Clay was making a return trip to Mesquite Trails Elementary School after the school raised the most money this spring out of all participating Victor Valley area schools for the Bryan Clay Foundation, which supports sports in education.


Tuesday, he competed against Mesquite Trails staff and students who had won grade-level competitions previously.


"We're going to let Bryan tie his shoes up," said Principal Dave Stewart over the loudspeakers. "I can tell he's starting to get a bit nervous."


Stewart and Clay teased each other throughout the event. Prior to becoming an educator in the Hesperia Unified School District, Canadian-born Stewart was the number one pre-Olympic favorite for track and field events in the 2004 games in Athens. A week before the trials in July 2004, illness struck and cost Stewart his spot on the national team. Clay went on to win the silver medal in the decathlon, conquering 10 different events over two days in Greece. Four years later, he became the first American in 12 years to win a gold medal in the event and by the largest margin of victory since 1972.

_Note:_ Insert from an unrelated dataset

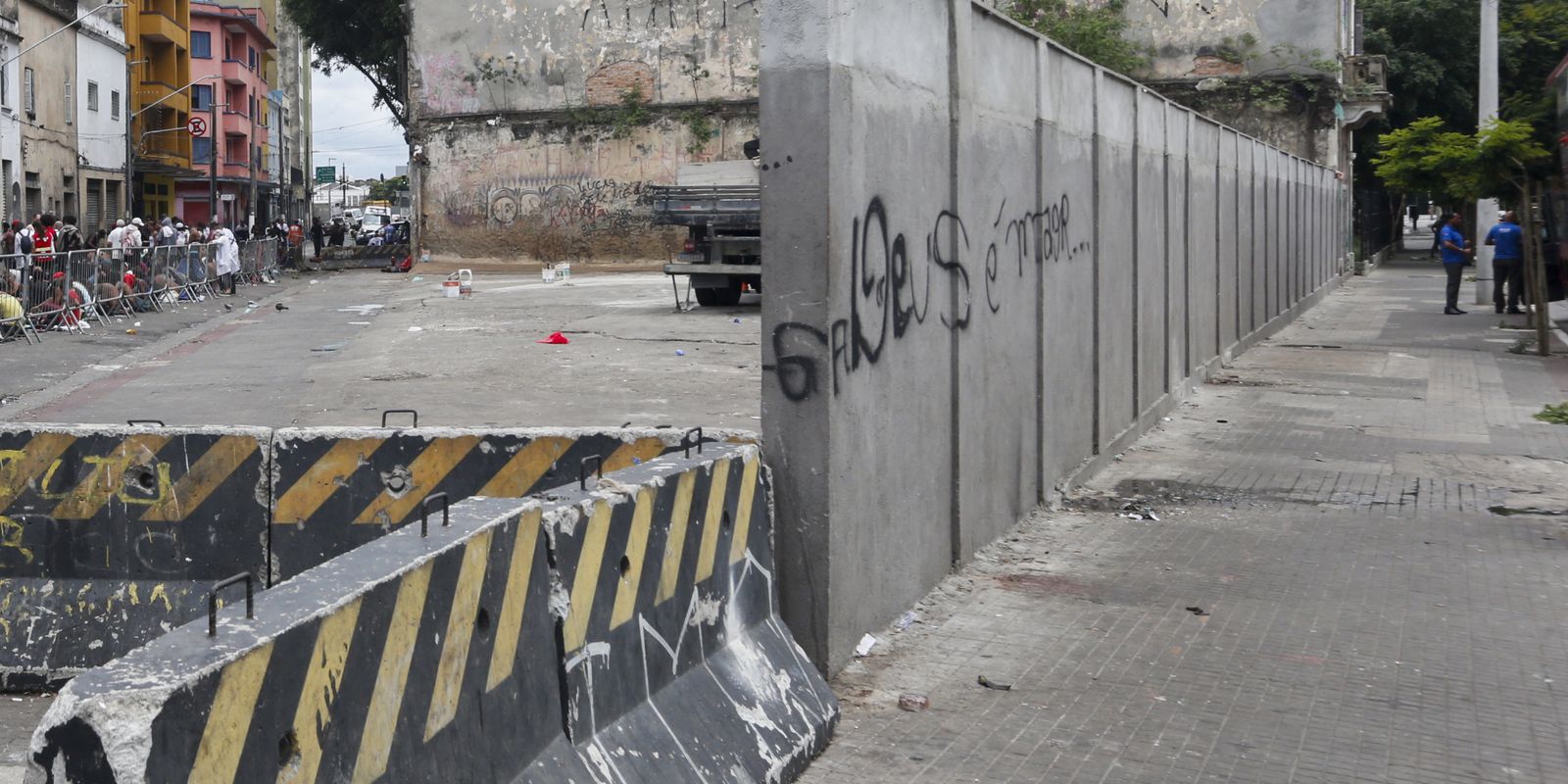 Supremo questiona construção de muro na Cracolândia, em São Paulo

"On your mark, get set, gopher!" Stewart shouted, his students laughing as the competitors took their positions again after the false start. "I can't believe Bryan fell for that. That's, like, the oldest Mr. Stewart joke in the book."


Clay raced against the students, taking it easy at first, but picking it up near the end, paced the entire way by Keyshawn, a 6th grader in dreadlocks, whom Clay high-fived and talked to afterwards.

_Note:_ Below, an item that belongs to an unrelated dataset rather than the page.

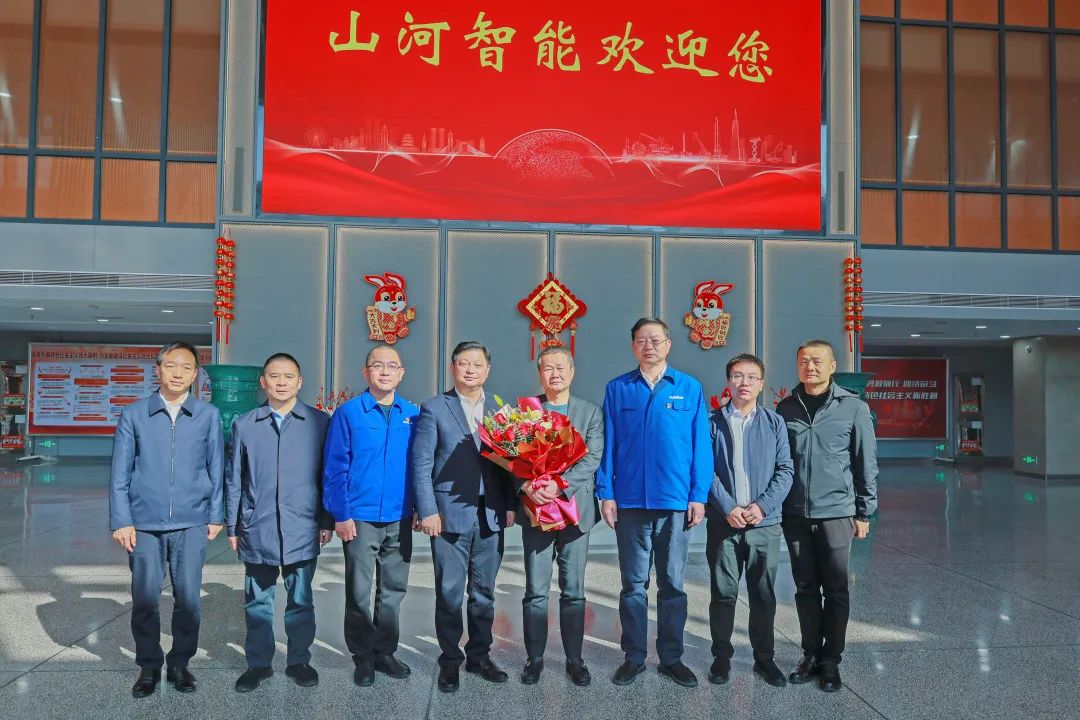 20230202083807_42240 新春第一访!付旭明走访慰问Z6人生就是博智能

Then it was on to the javelin.


"It's got two very sharp ends," Clay said, hoisting the javelin and explaining throwing technique. "Teachers, when you walk with this, hold it up like this. We don't want anyone to lose an eye."


Even with tutoring from Clay, there was no question as to who were the teachers, who was the former world-class athlete and which one was the gold medal decathlete.


"There's been a lot of talking coming into this; let's see what he can do," said Stewart as fifth grade teachers Matt Michalski picked up the javelin, hurling it further than the rest of his colleagues. "Whoa!"


In the end, Clay showed how it was done, and made it look easy, despite favoring an injured elbow: His javelin flew straighter and dramatically farther than even Stewart's.


"Bryan's farthest throw, if we measured it, would be all the way to the track," Stewart told his students, pointing at the school's walking track, almost invisible from where the assembly had gathered.


Finally, Clay, Stewart and a pair of students lined up, ready to do a small course of hurdles (kid-sized hurdles for the students).


"We don't enough room and I don't think Mr. Stewart's in that good of a shape," Clay grinned as he explained the event. "In between each hurdle, you're trying to take only three steps."


All four shot off at the same time, with Clay, Stewart and Keyshawn crossing the finish line at approximately the same time.